**DATASET RECORDS**
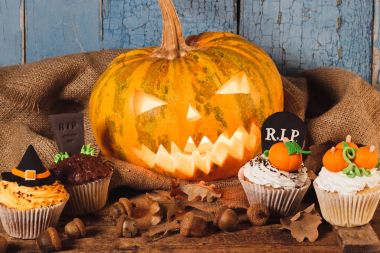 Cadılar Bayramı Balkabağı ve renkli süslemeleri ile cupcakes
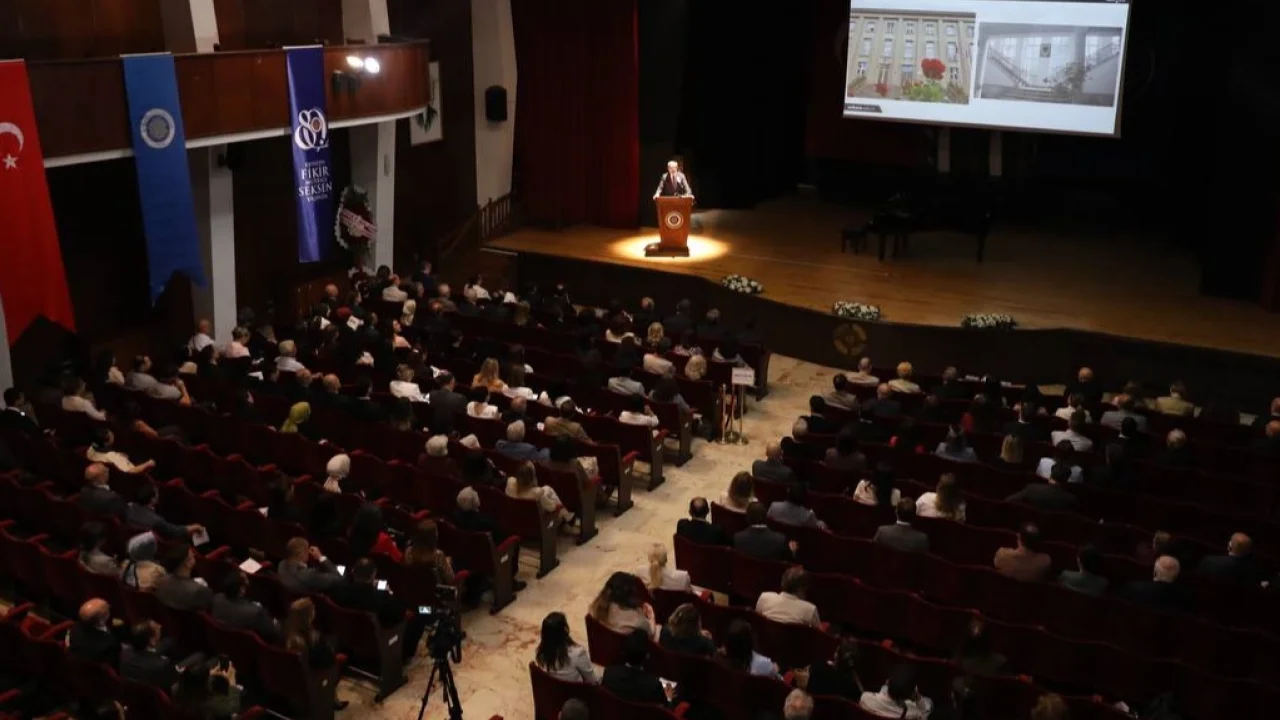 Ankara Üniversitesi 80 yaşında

---

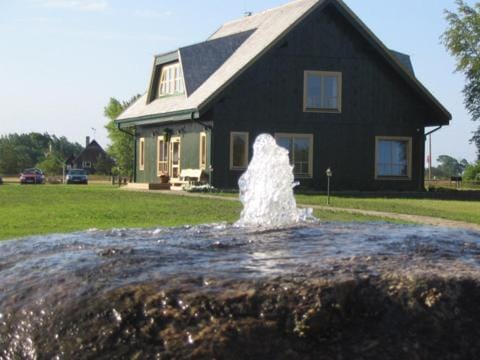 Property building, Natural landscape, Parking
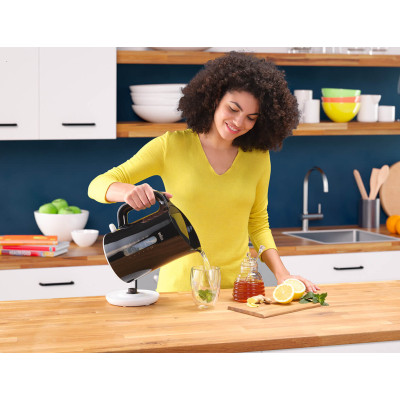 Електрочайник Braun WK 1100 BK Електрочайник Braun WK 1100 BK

**EXERCISE PROMPT**
Start with the line above containing "Property building, Natural" and end with the line containing "Електрочайник Braun WK 1100 BK Електрочайник". Set down that stretch exactly, without any pictures.

**SOLUTION FOR THIS PROBLEM**
 Property building, Natural landscape, Parking
 Електрочайник Braun WK 1100 BK Електрочайник Braun WK 1100 BK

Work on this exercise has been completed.